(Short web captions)
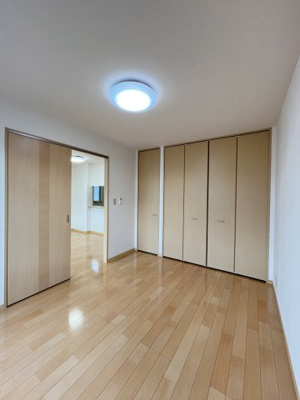 【洋室】 | メゾンドールジュエ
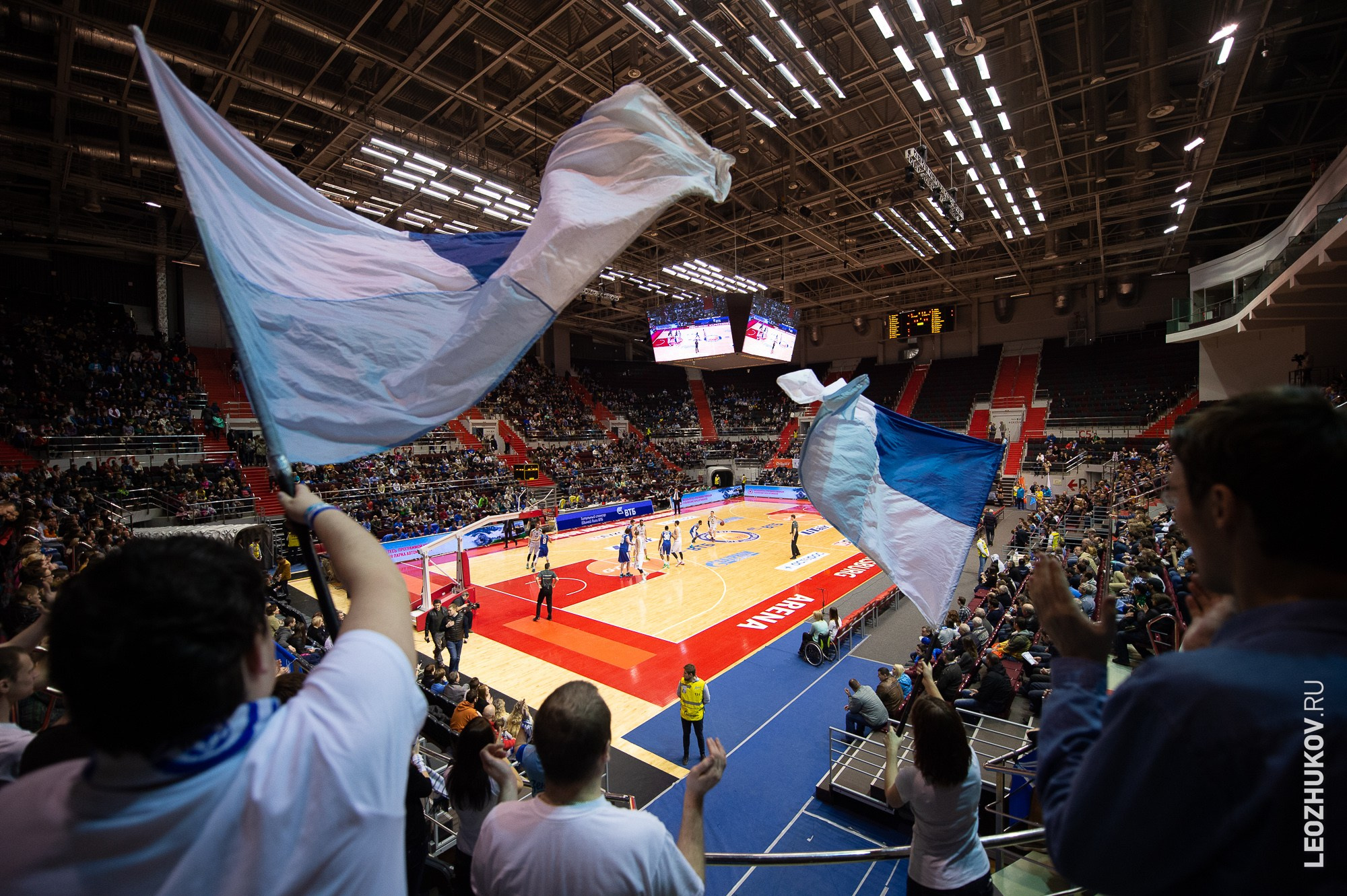 Фотографируй спорт как Профи. 3 совета, как сделать идеальный кадр с трибун. Sports photographer Leonid Zhukov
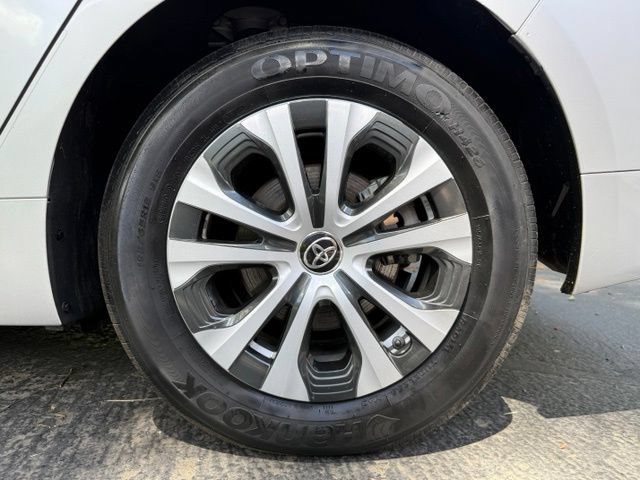 Used 2017 Toyota Prius Two FWD image 24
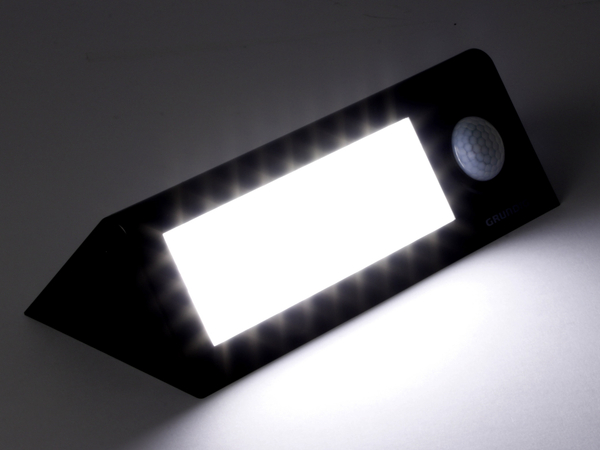 Grundig LED-Solar-Außen Leuchte 07447, 36 LEDs, PIR, schwarz - Produktbild 4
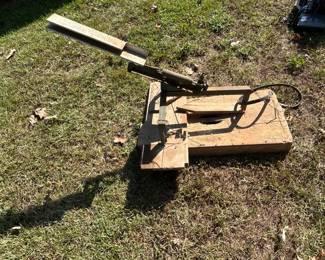 #240 Clay thrower metal vintage $30.00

The task: Output each record verbatim and leave out its pictures.

Response to this task:
 【洋室】 | メゾンドールジュエ
 Фотографируй спорт как Профи. 3 совета, как сделать идеальный кадр с трибун. Sports photographer Leonid Zhukov
 Used 2017 Toyota Prius Two FWD image 24
 Grundig LED-Solar-Außen Leuchte 07447, 36 LEDs, PIR, schwarz - Produktbild 4
 #240 Clay thrower metal vintage $30.00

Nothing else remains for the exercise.